O pesquisador aponta que para entender o comportamento das redes foi usado o conceito matemático de dominação em grafos, que é estudado desde os anos 1960. “No nosso caso, um conjunto dominante é um grupo relativamente pequeno de pessoas que possui a capacidade de se comunicar com todos os integrantes da sua rede”, descreve. “A existência de conjuntos dominantes é bem improvável em redes reais, pois sempre podem existir alguns usuários que não estão conectados ou que não interagem com frequência com a sua rede social.”

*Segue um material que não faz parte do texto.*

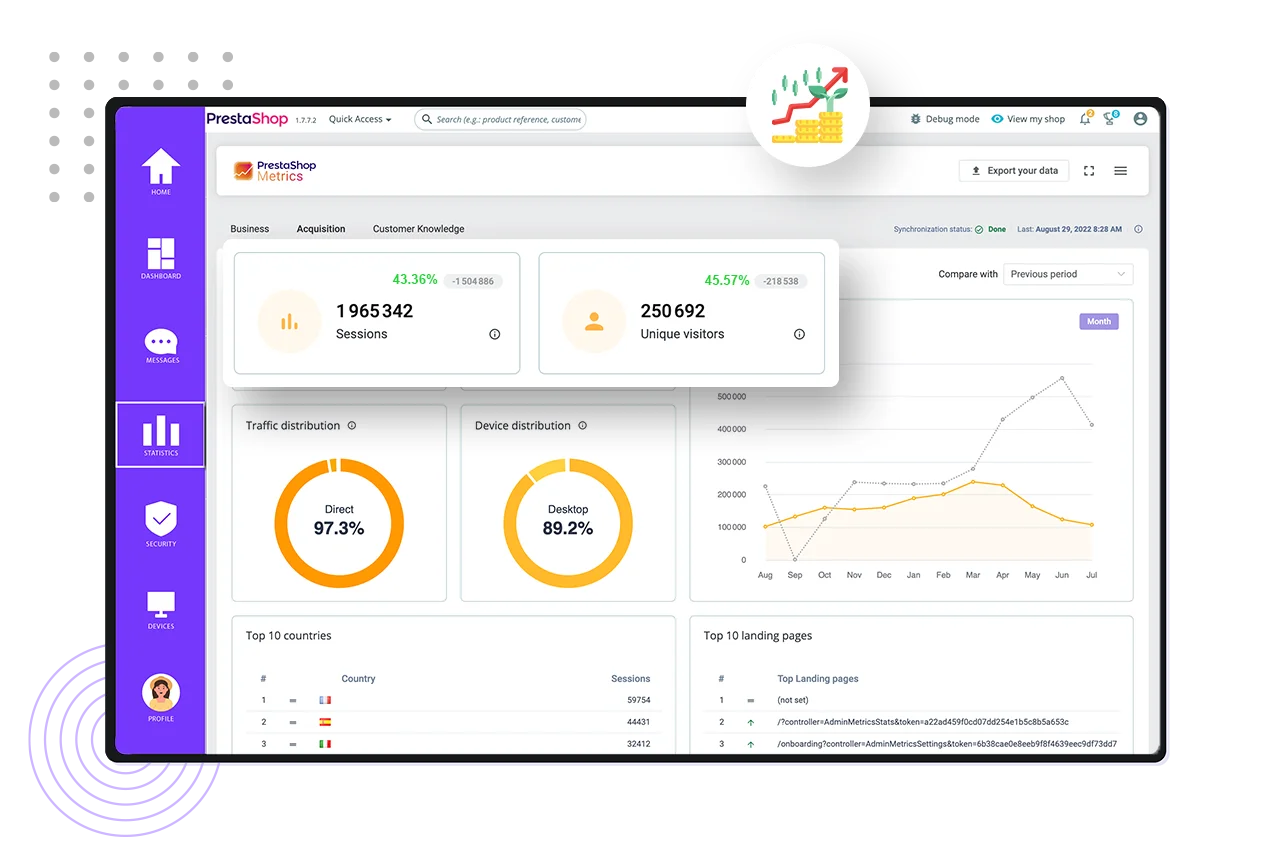 Prestashop Website Performance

Por essa razão, a pesquisa adotou o conceito de dominação parcial, que é quando os membros do conjunto dominante conseguem alcançar um grande segmento da rede. “Usando a dominação parcial, nós conseguimos avaliar a estrutura hierárquica das comunidades, que permite que os grupos de usuários propaguem informações de forma coordenada em determinados períodos de tempo”, observa Interian. “Ou seja, a dominação foi usada para estudar a propagação de informações nas comunidades digitais com diferente grau de polarização.”
O estudo foi realizado no ICMC e tem como coautor o professor Francisco Rodrigues. Os resultados do estudo foram publicados na revista científica interdisciplinar Journal of Physics: Complexity, em 13 de setembro, no artigo Group polarization, influence, and domination in online interaction networks: a case study of the 2022 Brazilian elections.